Глава XX
У сестры
Придворная карета остановилась у подъезда сестры,
и она была очень удивлена, увидев меня в полном параде. Сестра не знала
об аудиенции: я не успел предуведомить ее.
Рассказав об оказанном мне Ея Величеством
приеме, я добавил:
“С высоты царского трона все министры кажутся
лишь маленькими чиновниками, и неудивительно, что в глазах Императрицы
я могу являться кандидатом на министерский пост. До 1905 года известный
уровень познаний и личные качества были достаточны... Но теперь положение
резко изменилось. Теперь играют роль не знания и служебный опыт, а умение
ладить с Думой; теперь прогрессивная общественность уже не ограничивается
советами и наставлениями, а предъявляет уже требования бессмысленные и
преступные и опирается на Думу, где меня никто не знает и где сейчас же
заклюют, когда узнают... Сейчас ведь каждого монархиста называют “распутинцем”,
и меня очень смущает, что пожелание Императрицы перейти на службу в Синод
было высказано чуть ли не в форме повеления”...

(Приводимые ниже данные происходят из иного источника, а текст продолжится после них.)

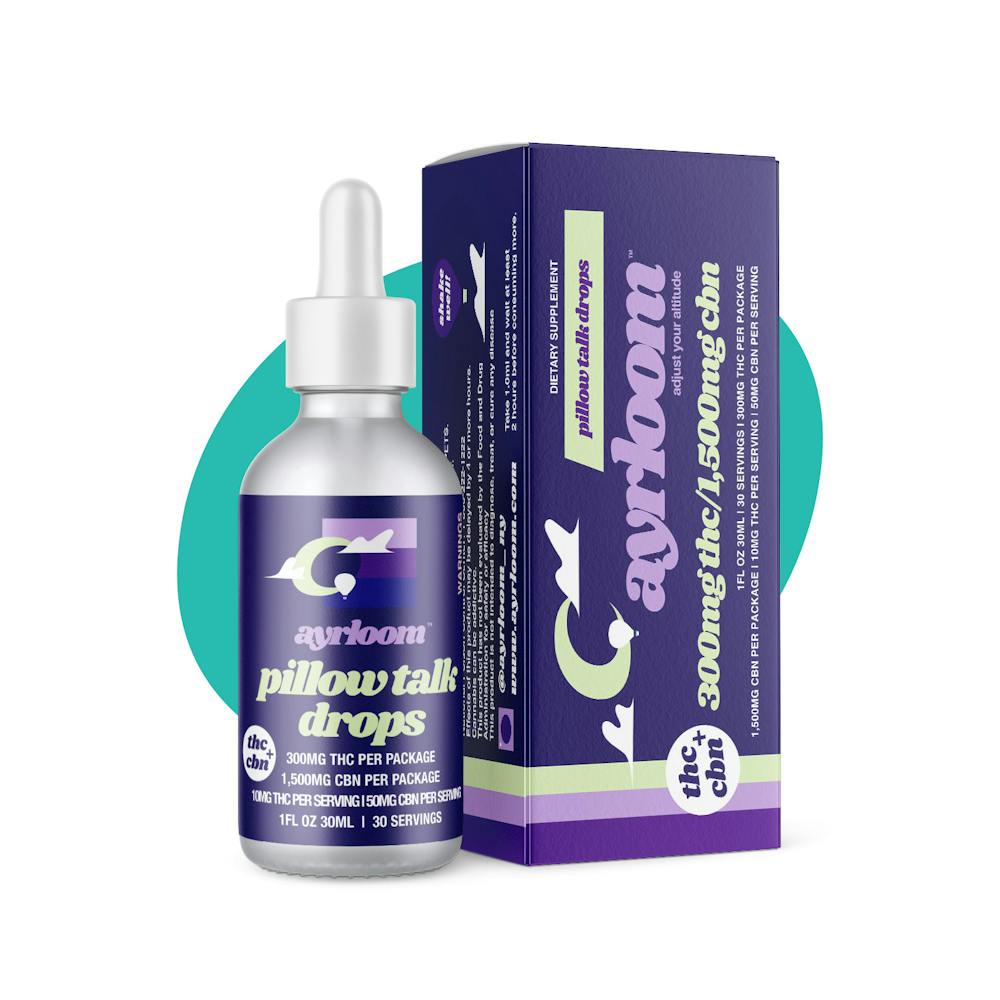Product Ayrloom | Pillow Talk Drops | 1:5 | 300MG THC : 1500MG CBN
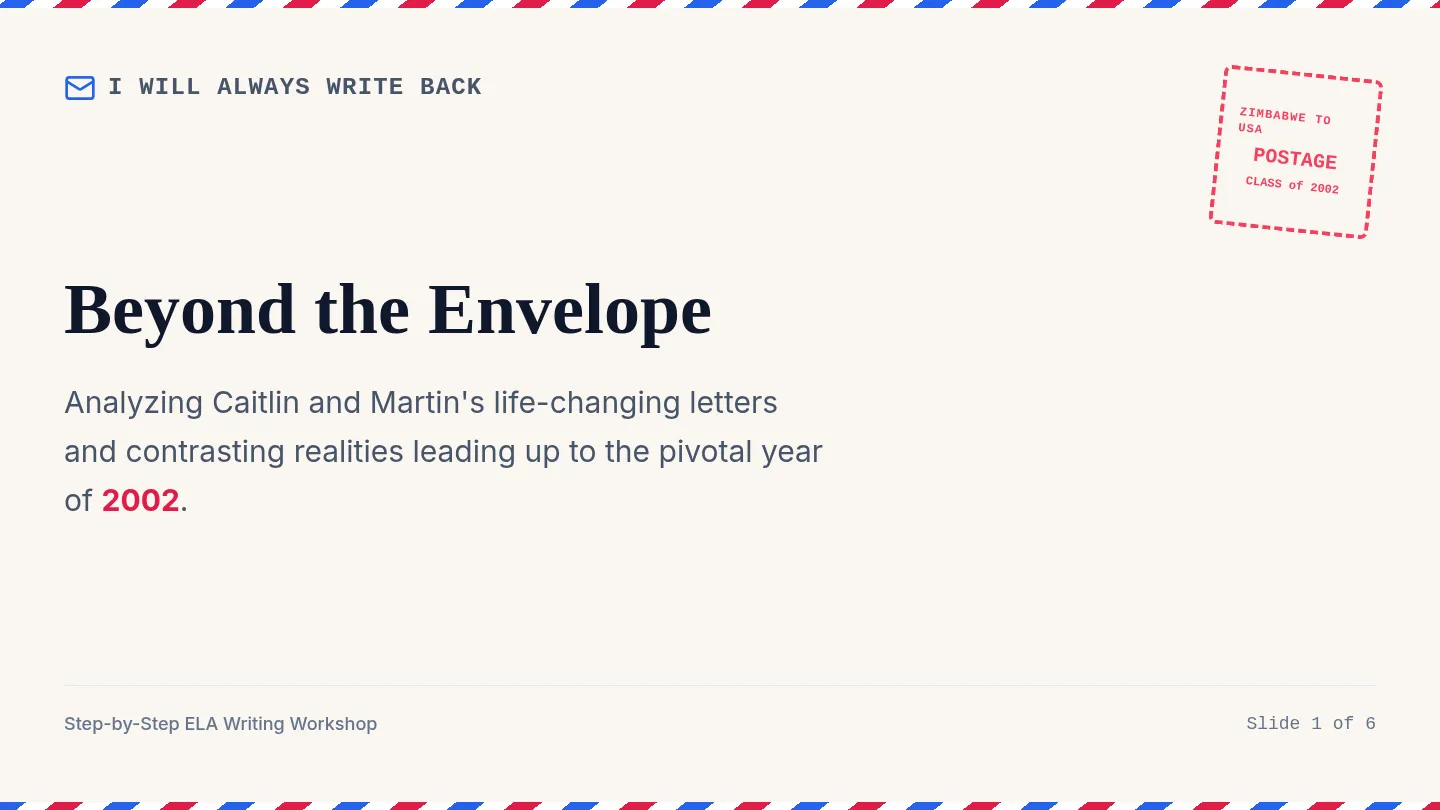 Envelope Echoes Slides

“Царь есть посредник между Богом и людьми,
и что Тебе прикажет Государь, то и делай, – сказала сестра. – Трудно служить
Царю; но Богу еще труднее; а святых и теперь много... Значит, дело не только
в наших силах, а и в помощи Божией. Теперь служение Царю больше, чем когда-либо,
стало испытанием нравственных сил; а при этих условиях разве можно оглядываться
на то, кто что скажет или подумает... Кому же Ты должен служить, Богу,
Царю и России, или же Думе?.. Что означают эти крики о Распутине, как не
желание понравиться Думе; о том же, чтобы понравиться Богу и Царю, мало
кто думает. Иди смело вперед и благодари Бога и Святителя Иоасафа, приближающих
Тебя к этому святому Семейству”.
“Как злы люди! Не знаю даже, чего больше,
злобы или слепоты, – ответил я сестре, – чего только не говорят об Императрице,
а, право, я еще не видел большей искренности, простоты, более горячей любви
к России, более сознательного служения ей... Кто мне поверит, если я скажу,
что и Царь, и Царица даже не похожи на наших современных аристократов,
что, если бы Они не были Царями, то наше великосветское общество даже не
приняло бы Их в свою среду. Они слишком хороши, слишком просты и естественны,
слишком искренни, и в гостиной Императрицы нет ничего, что бы напоминало
специфический запах салонов, где, под личиною светскости и “такта”, кроется
так много лжи, лукавства, зависти, интриг и всякого рода нечисти”...
Простившись с сестрою, я уехал в Петербург,
где меня, с великим нетерпением, ожидал протоиерей А.И.Маляревский.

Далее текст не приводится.